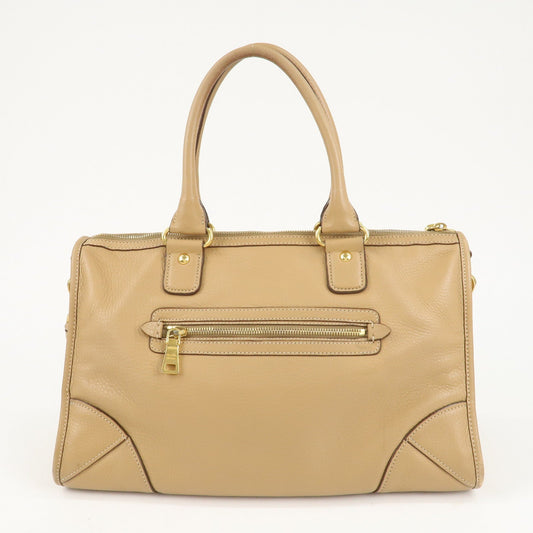 PRADA Logo Leather 2Way Bag Hand Bag Shoulder Bag Beige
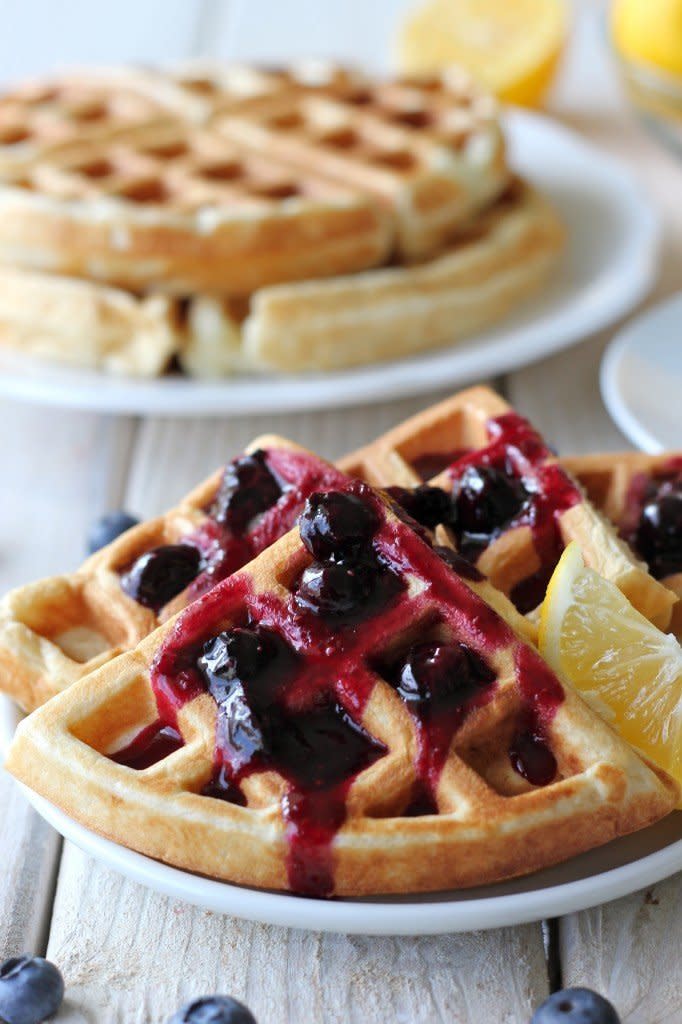 <strong>Get the<a href="http://damndelicious.net/2013/02/06/lemon-belgian-waffles-with-blueberry-syrup/" target="_blank">&nbsp;Lemon Belgian Waffles recipe </a>from Damn Delicious</strong>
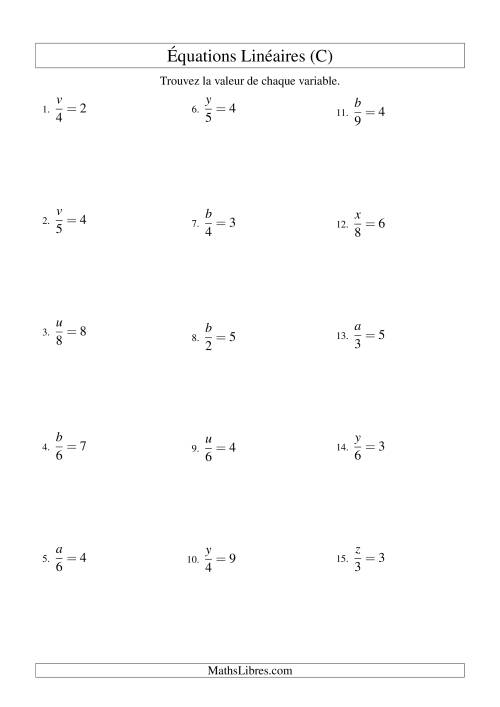 Résolution d'Équations Linéaires -- Forme x/a = c (C)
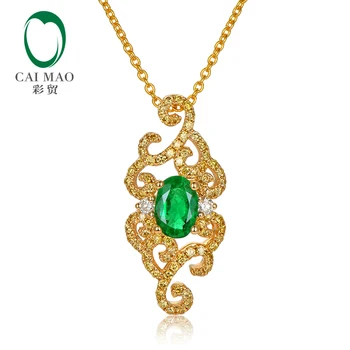 Klassikalise Loomulik Emerald 0.42 ct 14K Kollane Kuld Engagement 0.35 ct Teemant Ripats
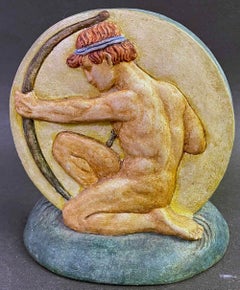 "Nude Male Archer Bookends", Rare Pair of Ceramic, Arts and Crafts Sculptures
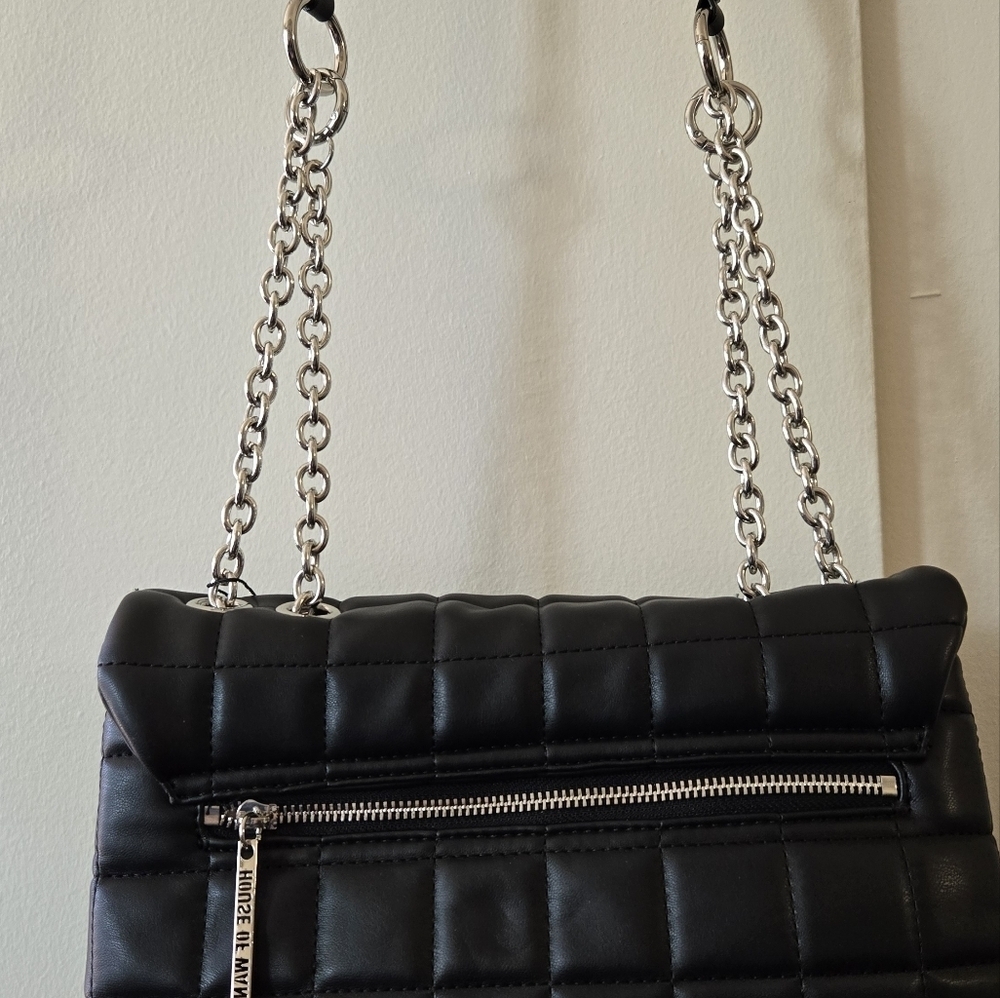House of Want Black Vegan, Quilted Shoulder Hand Bag NWT - Picture 13 of 14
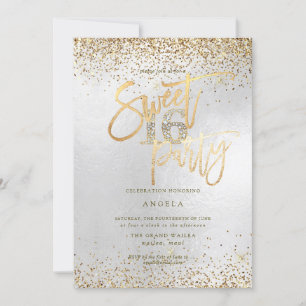 PixDezines Sweet 16 Diamond Silver Gold Glitter Invitation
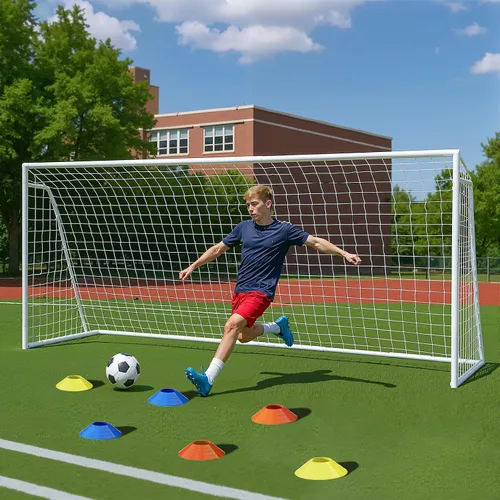 Miniatura 14 de NAIZEA Soccer Goals - 24x8/21x7/18x7/12x6/16x7/10x6/8x6/6x4FT Soccer Goals for Backyard Training- Portable Metal Soccer Net for Youth & Adults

—————

What is needed » When you reach the line containing "Klassikalise Loomulik Emerald" in the records above, write out that line and every line after it through the end, exactly, but omit the pictures.

Exercise answer »
 Klassikalise Loomulik Emerald 0.42 ct 14K Kollane Kuld Engagement 0.35 ct Teemant Ripats
 "Nude Male Archer Bookends", Rare Pair of Ceramic, Arts and Crafts Sculptures
House of Want Black Vegan, Quilted Shoulder Hand Bag NWT - Picture 13 of 14
 PixDezines Sweet 16 Diamond Silver Gold Glitter Invitation
 Miniatura 14 de NAIZEA Soccer Goals - 24x8/21x7/18x7/12x6/16x7/10x6/8x6/6x4FT Soccer Goals for Backyard Training- Portable Metal Soccer Net for Youth & Adults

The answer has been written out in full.